* REQUIREMENT: Retype word for word the line containing "papuosalai-is-krista" and each line that follows it in the records below, through the last one, with no pictures.

'''

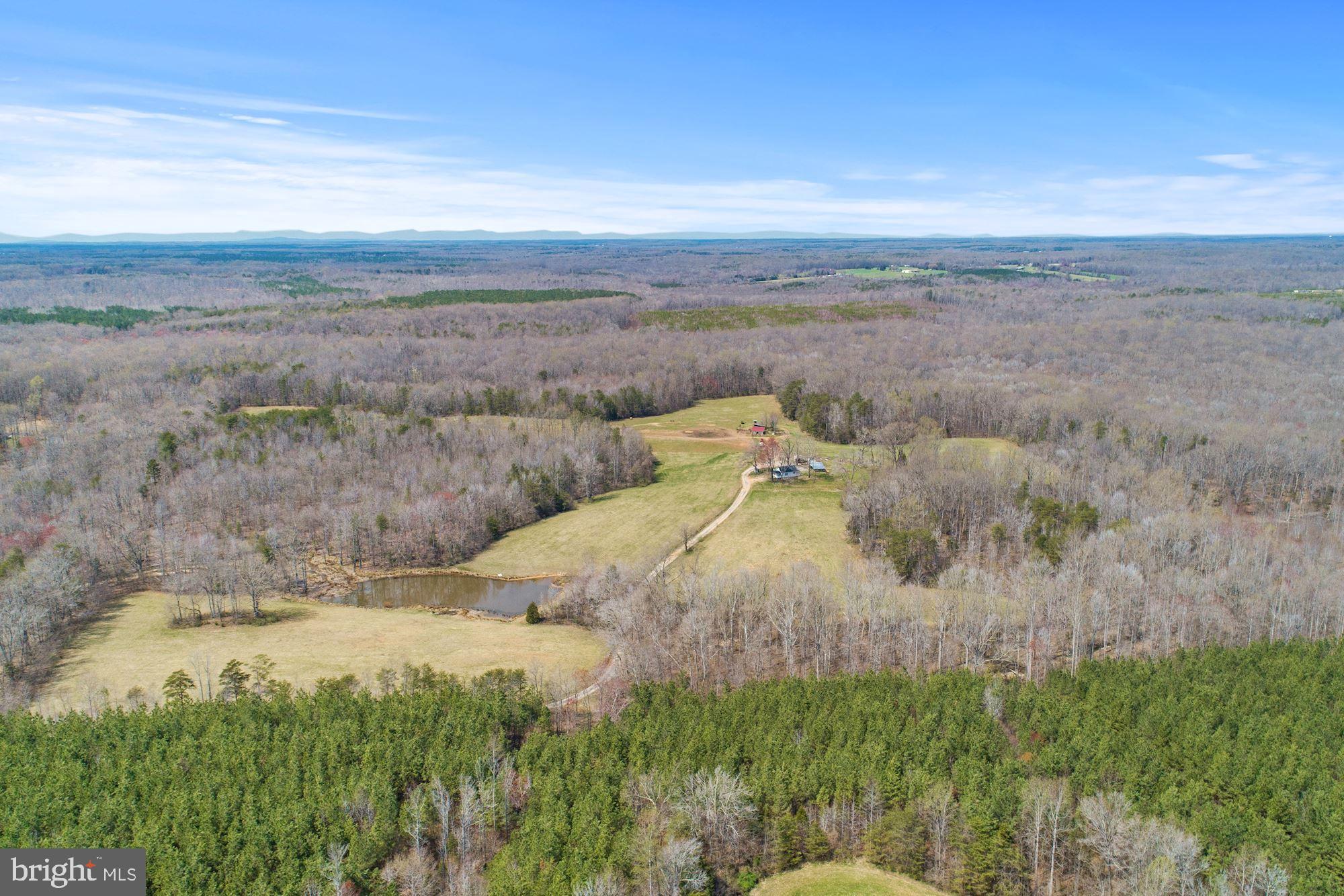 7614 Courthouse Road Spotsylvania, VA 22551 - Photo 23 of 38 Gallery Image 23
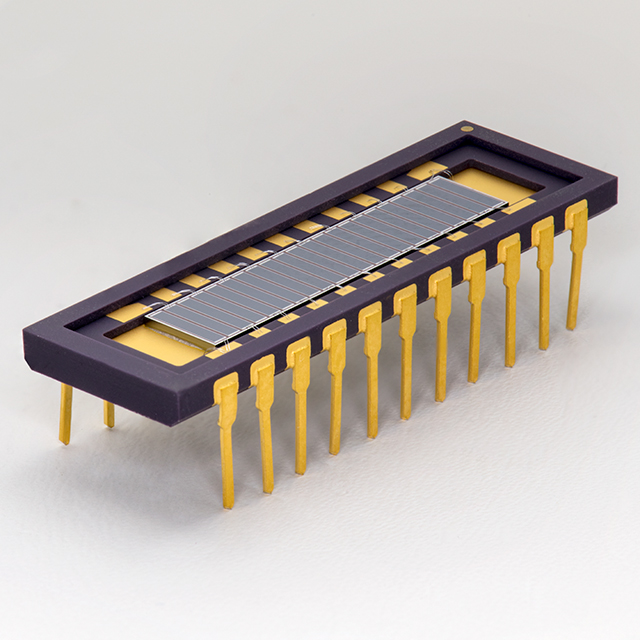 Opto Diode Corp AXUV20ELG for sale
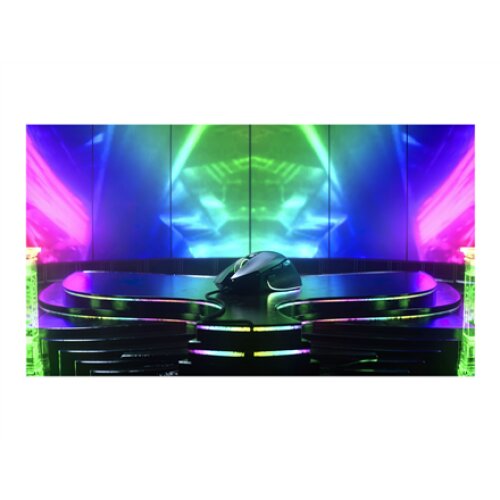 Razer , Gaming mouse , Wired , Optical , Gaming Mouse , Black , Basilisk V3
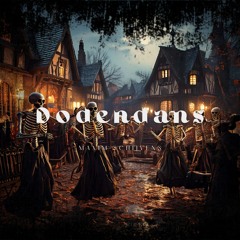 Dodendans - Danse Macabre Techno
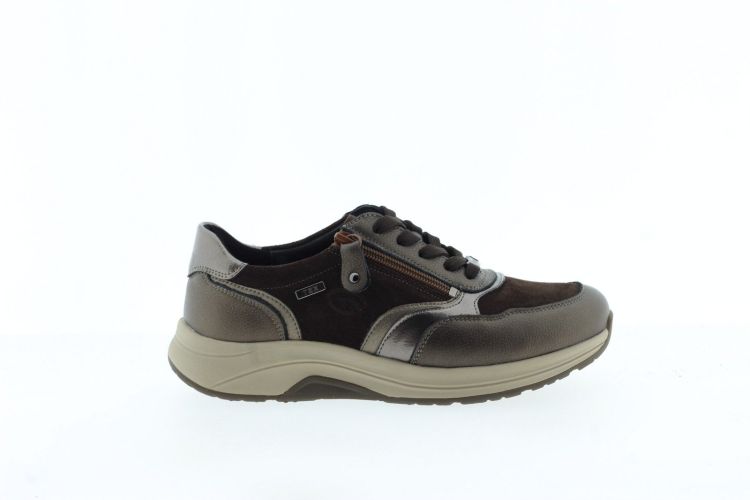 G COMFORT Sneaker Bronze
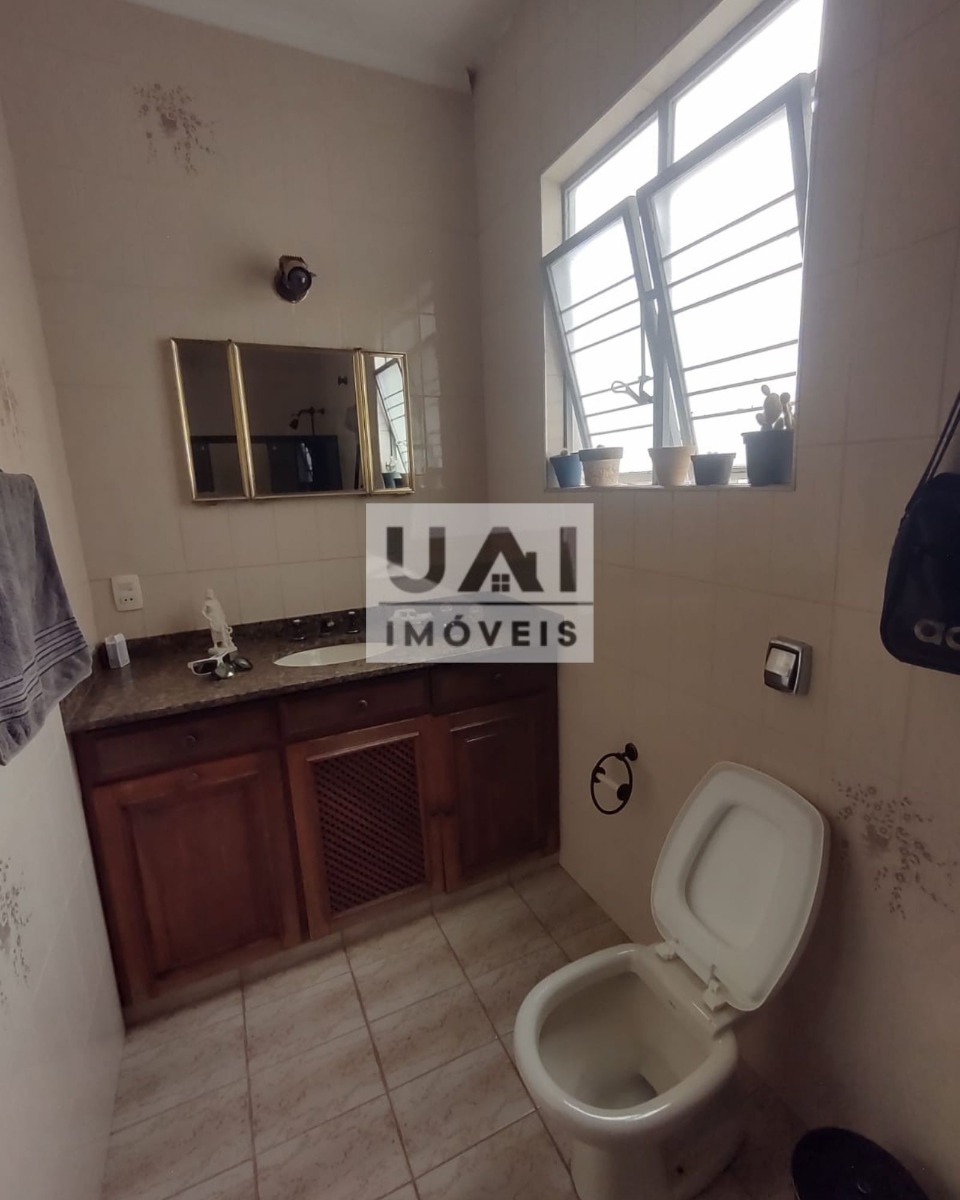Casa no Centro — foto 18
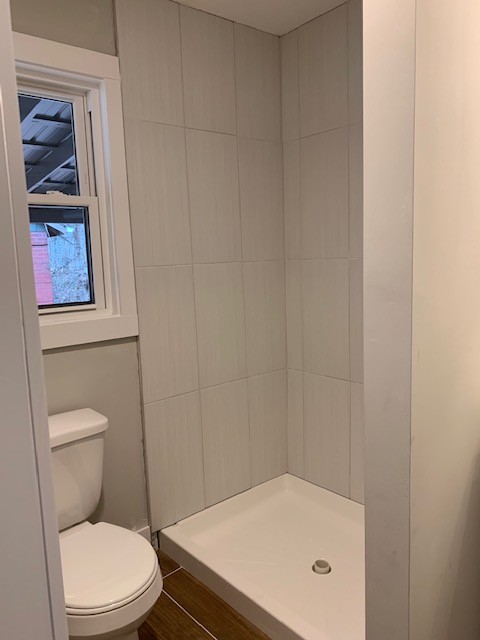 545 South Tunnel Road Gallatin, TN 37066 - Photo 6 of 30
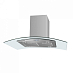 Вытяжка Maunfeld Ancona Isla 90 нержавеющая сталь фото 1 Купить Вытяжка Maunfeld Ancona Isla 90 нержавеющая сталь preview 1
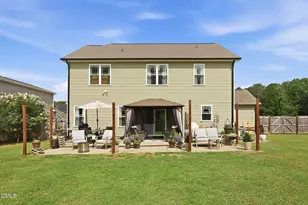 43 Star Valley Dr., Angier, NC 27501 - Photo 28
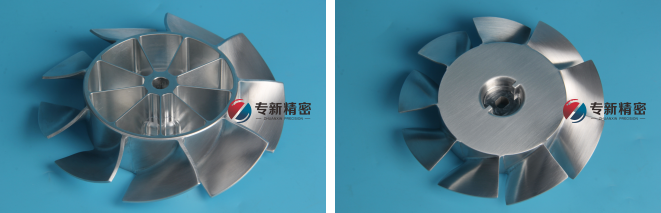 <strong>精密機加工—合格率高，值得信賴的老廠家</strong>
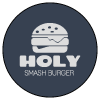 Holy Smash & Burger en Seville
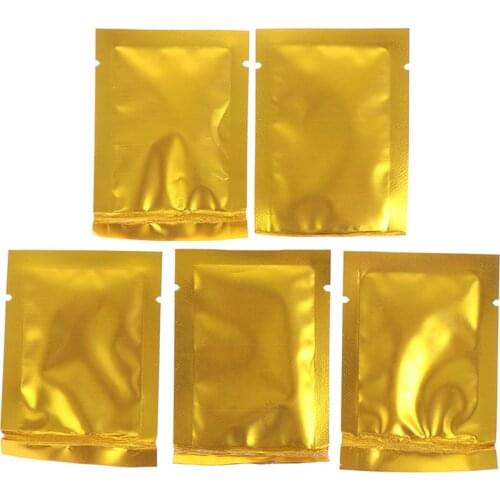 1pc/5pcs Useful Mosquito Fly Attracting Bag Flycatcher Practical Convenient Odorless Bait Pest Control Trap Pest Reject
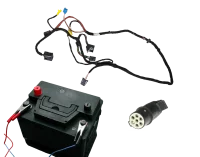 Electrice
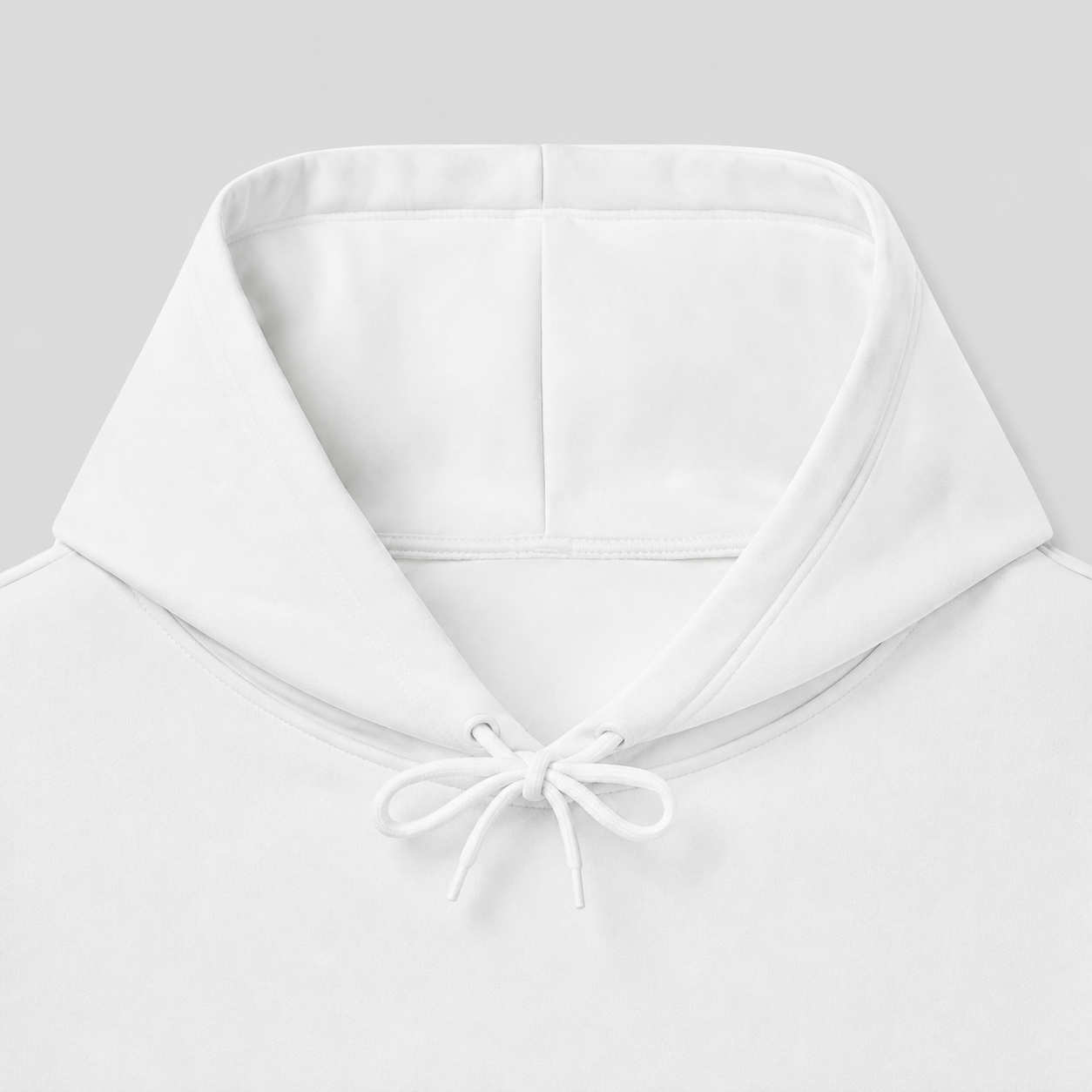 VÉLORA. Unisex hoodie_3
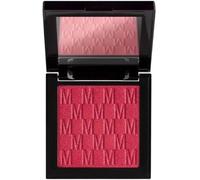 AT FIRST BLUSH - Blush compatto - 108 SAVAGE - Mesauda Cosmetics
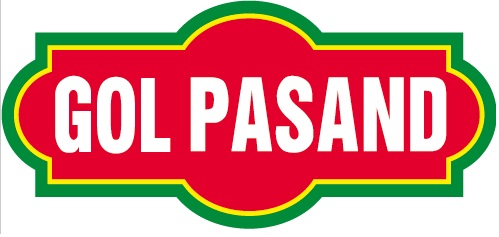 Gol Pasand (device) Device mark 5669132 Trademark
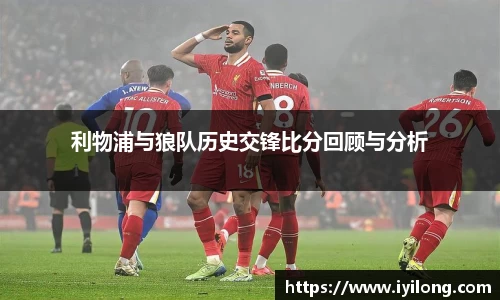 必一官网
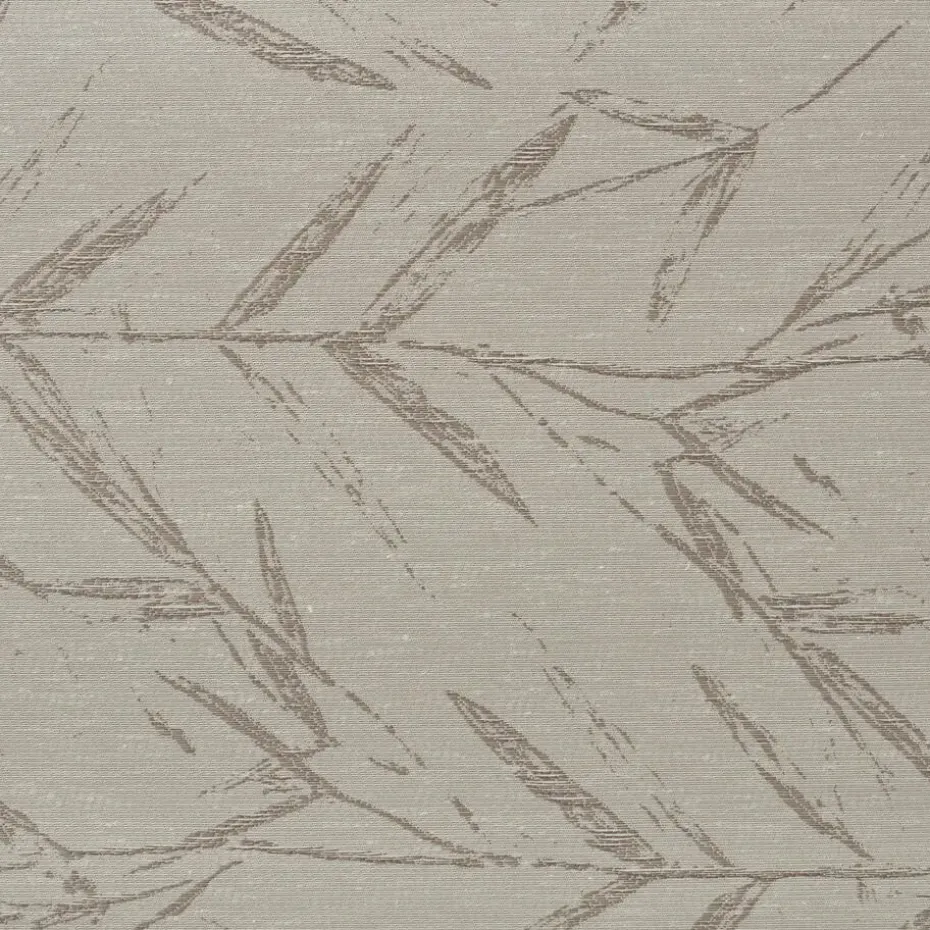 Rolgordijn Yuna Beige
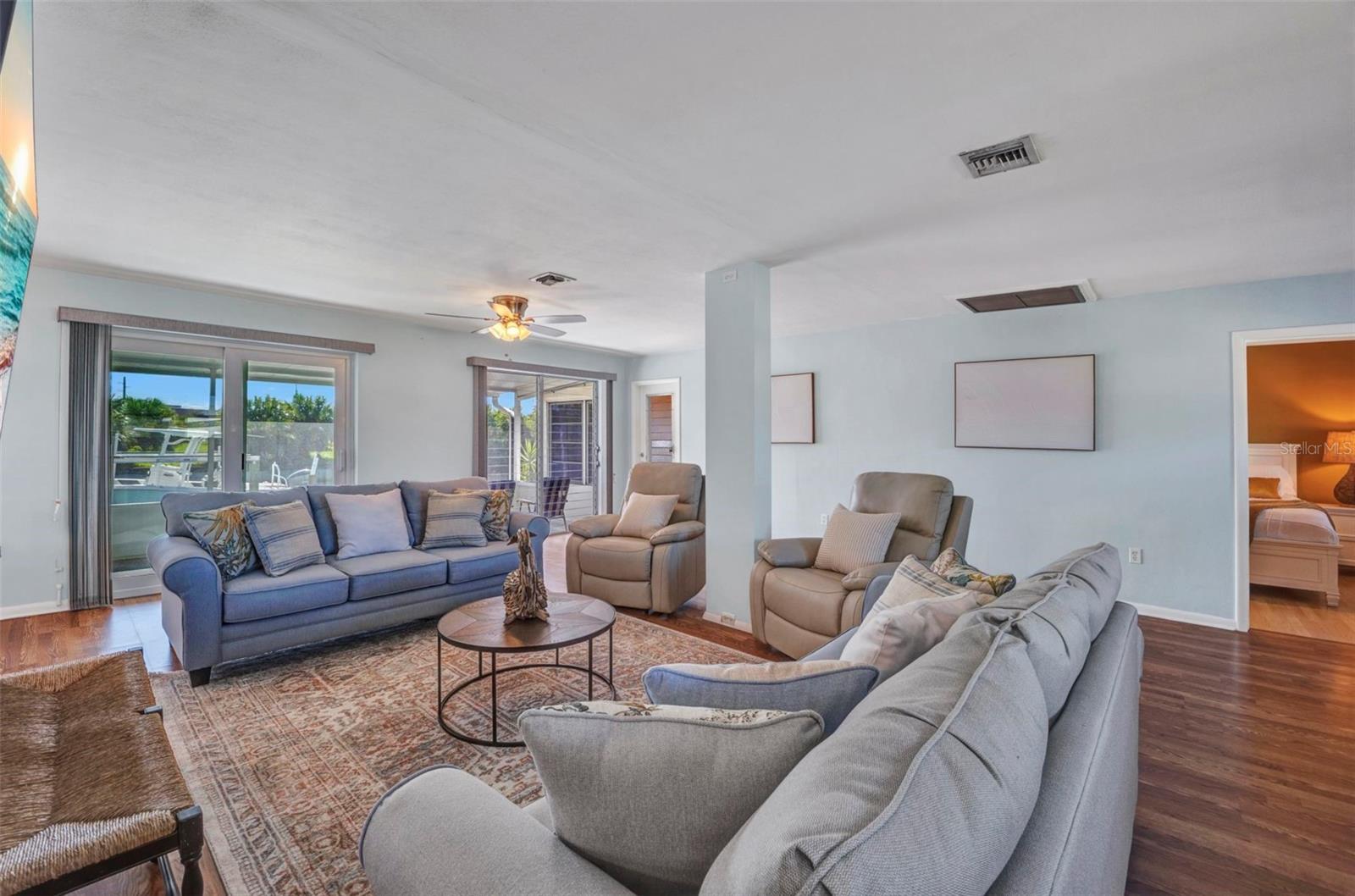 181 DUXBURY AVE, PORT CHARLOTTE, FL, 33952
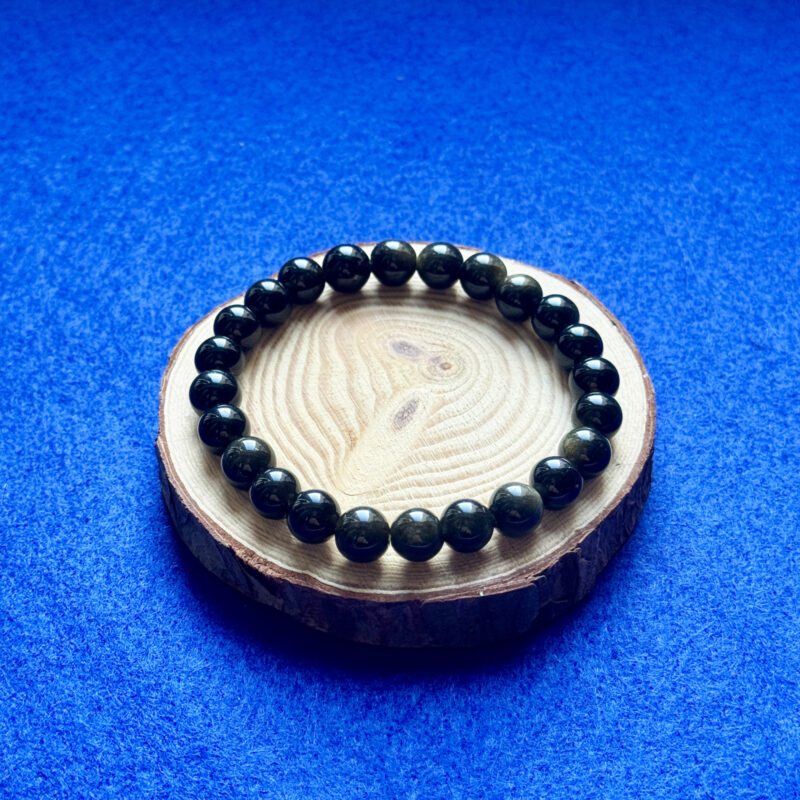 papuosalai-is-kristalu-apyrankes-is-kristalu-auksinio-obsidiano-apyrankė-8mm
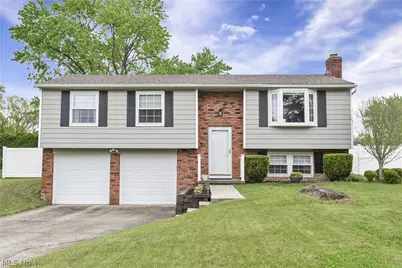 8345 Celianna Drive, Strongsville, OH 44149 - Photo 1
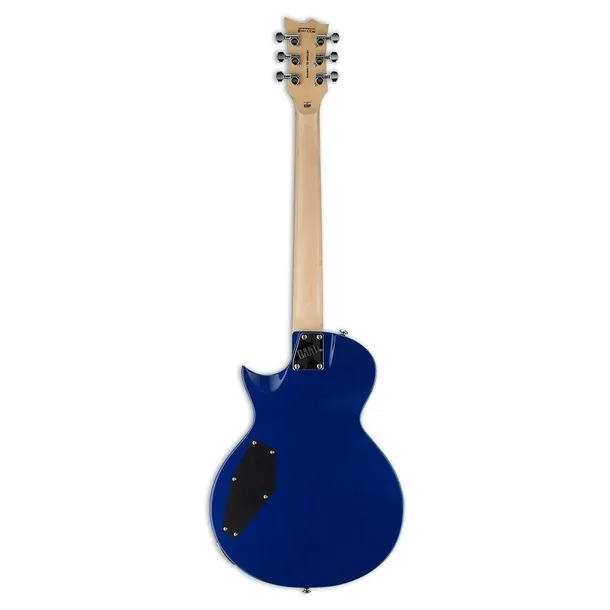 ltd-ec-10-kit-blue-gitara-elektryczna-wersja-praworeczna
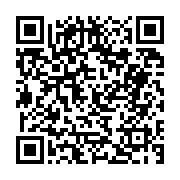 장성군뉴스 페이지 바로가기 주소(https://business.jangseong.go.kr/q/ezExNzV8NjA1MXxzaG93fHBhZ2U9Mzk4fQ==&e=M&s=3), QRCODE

'''

* TASK OUTPUT:
 papuosalai-is-kristalu-apyrankes-is-kristalu-auksinio-obsidiano-apyrankė-8mm
 8345 Celianna Drive, Strongsville, OH 44149 - Photo 1
 ltd-ec-10-kit-blue-gitara-elektryczna-wersja-praworeczna
 장성군뉴스 페이지 바로가기 주소(https://business.jangseong.go.kr/q/ezExNzV8NjA1MXxzaG93fHBhZ2U9Mzk4fQ==&e=M&s=3), QRCODE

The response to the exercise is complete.